Gov. Steve Bullock, entering the second year of his final term, says the state needs more revenue to fund vital services and should stick with an expanded Medicaid program that’s brought health coverage to 91,000 low-income adults in Montana.
But in a wide-ranging interview this week with MTN News about his 2018 agenda, Bullock offered few specifics on how he plans to achieve these goals.
The Democratic governor said he’s “looking at” changes that could generate more tax revenue next year, but didn’t indicate what form those changes may take or what he’d propose.
He also said he’s “had discussions with folks” about funding Medicaid expansion beyond 2019, but didn’t identify any potential solutions.
“I think that as far as extending Medicaid and paying for it, certainly we’ll be looking at it over the next several months, into the next legislative session, the best way to go about it,” he told MTN News on Tuesday.
Medicaid expansion, approved by the Legislature in 2015, is scheduled to expire next year unless the Republican-controlled Legislature votes to extend it. The Legislature isn’t scheduled to meet again until January 2019.
Some leading Republicans lawmakers have asked how the state will be able to pay its multimillion-dollar share of the state-federal program, going forward.
Bullock also said he’s distressed about the $76 million in state budget cuts his administration must now make to cover a revenue shortfall, but that the GOP-led Legislature gave him few options when it approved the cuts during a special session last November.
“Rather than letting me exercise the authority of making cuts and then, if there are additional revenues, to decide where to backfill those, the Legislature actually voted to make all of those cuts law,” he said. “So they hamstrung my ability to mitigate those cuts in many, many ways.”
Last week, a top Republican lawmaker said Bullock does have some options to mitigate the cuts, such as freeing up additional revenue by extending a private-prison contract or making changes if other revenue comes in higher than expected.
Bullock strongly disputed both of those points Tuesday.
He said the Republican majority in the Legislature not only refused to consider revenue increases to prevent some of the cuts, but also made sure that even if tax revenue does come in better than expected this year, it can’t be used until this fall to offset any spending cuts.
And on the prison contract, Bullock said he’s not going to rush into an extension without making sure it’s a good deal for the state.
“We don’t want to end up entering into a long-term contract that, at the end of the day, Montanans don’t need,” he said.

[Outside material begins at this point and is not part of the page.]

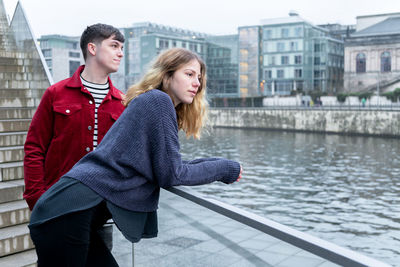 Couple standing by river in city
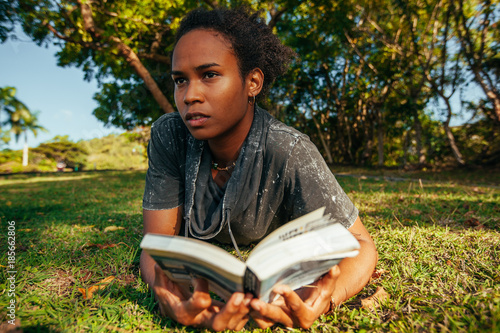 Obraz na plátně Beautiful young woman with afro hairstyle and book in her hands lying on the gra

The state contract with CoreCivic, which owns and operates the prison near Shelby that houses 600 state inmates, expires in mid-2019.
CoreCivic has indicated that if the state would extend the contract, the company would transfer as much as $32 million to the state. Republican lawmakers approved a bill during the special session that would allow the state to use half the money to offset budget cuts – if Bullock takes steps to get the money.
Bullock told MTN News this week that the state needs more tax revenue to “pay for those services that Montanans expect,” and mentioned a pair of proposals that he floated last year: Raising state income taxes on earnings over $500,000 and doubling the license fee for investment advisers. The latter proposal would bring in $13 million, he said.
Republican lawmakers rejected both ideas, during the regular and special legislative sessions.
Bullock said his administration would be examining “some of the smaller piecemeal and other things that we ought to be doing” on revenue increases, but wouldn’t identify any specific approach or proposal he plans to pursue.
“This will be a process that we’ll be looking at, over the upcoming months, going into the 2019 (Legislature), but of all the specific pieces, no, we don’t have that ironed out,” he said.
MTN News also asked Bullock about his political future, and whether he’s considering a possible run for president in 2020 – as some in political circles have suggested.
Bullock replied that “2020 is a long way away,” and that he has a job now that he enjoys and takes up his time – but didn’t rule out a presidential run.
“I’m a year into my second term,” he said. “I’m not figuring out what I’m going to be doing once I’m done with this job.”
Bullock, 51, formed a national political action committee, Big Sky Values PAC, that raised $464,000 last year and financed travels for him to New York, San Francisco, Phoenix, Austin, Texas and other locales, for speeches and fundraisers.
He’s also set to become chair of the National Governor’s Association this year.
Bullock said when he travels, he talks primarily about “some real, good things that have happened in Montana” during his administration, and how he’s worked with both political parties to achieve his goals.
He said his immediate political goals are to help Democratic U.S. Sen. Jon Tester get re-elected and perhaps help elect legislators to the 2019 Legislature that will “share my values.”